• **What to produce**
Each line from the one holding "Оренда, двокімнатна квартира, 64м², Сіті" to the end of the data below must be output verbatim, with no other lines.

(Stored data entries)
[Start of Attachment]
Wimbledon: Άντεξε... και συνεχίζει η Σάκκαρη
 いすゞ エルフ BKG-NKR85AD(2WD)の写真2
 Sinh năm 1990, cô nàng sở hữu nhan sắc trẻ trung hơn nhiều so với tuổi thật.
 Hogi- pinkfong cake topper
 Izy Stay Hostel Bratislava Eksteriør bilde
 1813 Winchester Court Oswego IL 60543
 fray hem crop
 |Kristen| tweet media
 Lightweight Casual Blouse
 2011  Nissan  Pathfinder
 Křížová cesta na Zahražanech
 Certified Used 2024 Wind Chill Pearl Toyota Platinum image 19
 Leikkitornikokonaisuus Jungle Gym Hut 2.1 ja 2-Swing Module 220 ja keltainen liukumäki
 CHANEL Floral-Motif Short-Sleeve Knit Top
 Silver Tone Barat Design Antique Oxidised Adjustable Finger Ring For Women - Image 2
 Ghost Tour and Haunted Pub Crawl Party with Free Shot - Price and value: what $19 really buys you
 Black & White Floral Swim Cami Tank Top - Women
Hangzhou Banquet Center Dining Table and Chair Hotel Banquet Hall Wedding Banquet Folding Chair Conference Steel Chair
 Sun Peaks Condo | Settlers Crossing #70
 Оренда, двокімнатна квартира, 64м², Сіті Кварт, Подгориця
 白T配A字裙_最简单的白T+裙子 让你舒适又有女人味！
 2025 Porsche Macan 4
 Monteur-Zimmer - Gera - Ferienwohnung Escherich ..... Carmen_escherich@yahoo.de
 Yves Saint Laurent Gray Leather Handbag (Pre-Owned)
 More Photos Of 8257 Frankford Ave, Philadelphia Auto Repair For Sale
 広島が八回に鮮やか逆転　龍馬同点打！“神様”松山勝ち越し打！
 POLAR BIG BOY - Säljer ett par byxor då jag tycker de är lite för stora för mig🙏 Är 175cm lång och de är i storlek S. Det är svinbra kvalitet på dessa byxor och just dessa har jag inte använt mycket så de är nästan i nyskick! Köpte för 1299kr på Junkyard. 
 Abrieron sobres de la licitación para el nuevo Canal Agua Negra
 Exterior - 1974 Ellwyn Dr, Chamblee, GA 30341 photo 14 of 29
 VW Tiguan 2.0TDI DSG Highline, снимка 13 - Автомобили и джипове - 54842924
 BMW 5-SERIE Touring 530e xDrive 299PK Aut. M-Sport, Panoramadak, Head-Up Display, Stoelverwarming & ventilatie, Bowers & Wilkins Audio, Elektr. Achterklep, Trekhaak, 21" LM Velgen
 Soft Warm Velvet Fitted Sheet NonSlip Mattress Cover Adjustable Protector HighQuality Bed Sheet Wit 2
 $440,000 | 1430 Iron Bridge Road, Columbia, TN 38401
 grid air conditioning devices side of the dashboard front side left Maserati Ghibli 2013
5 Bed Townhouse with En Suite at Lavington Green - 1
[End of Attachment]
• **Solution**
 Оренда, двокімнатна квартира, 64м², Сіті Кварт, Подгориця
 白T配A字裙_最简单的白T+裙子 让你舒适又有女人味！
 2025 Porsche Macan 4
 Monteur-Zimmer - Gera - Ferienwohnung Escherich ..... Carmen_escherich@yahoo.de
 Yves Saint Laurent Gray Leather Handbag (Pre-Owned)
 More Photos Of 8257 Frankford Ave, Philadelphia Auto Repair For Sale
 広島が八回に鮮やか逆転　龍馬同点打！“神様”松山勝ち越し打！
 POLAR BIG BOY - Säljer ett par byxor då jag tycker de är lite för stora för mig🙏 Är 175cm lång och de är i storlek S. Det är svinbra kvalitet på dessa byxor och just dessa har jag inte använt mycket så de är nästan i nyskick! Köpte för 1299kr på Junkyard. 
 Abrieron sobres de la licitación para el nuevo Canal Agua Negra
 Exterior - 1974 Ellwyn Dr, Chamblee, GA 30341 photo 14 of 29
 VW Tiguan 2.0TDI DSG Highline, снимка 13 - Автомобили и джипове - 54842924
 BMW 5-SERIE Touring 530e xDrive 299PK Aut. M-Sport, Panoramadak, Head-Up Display, Stoelverwarming & ventilatie, Bowers & Wilkins Audio, Elektr. Achterklep, Trekhaak, 21" LM Velgen
 Soft Warm Velvet Fitted Sheet NonSlip Mattress Cover Adjustable Protector HighQuality Bed Sheet Wit 2
 $440,000 | 1430 Iron Bridge Road, Columbia, TN 38401
 grid air conditioning devices side of the dashboard front side left Maserati Ghibli 2013
5 Bed Townhouse with En Suite at Lavington Green - 1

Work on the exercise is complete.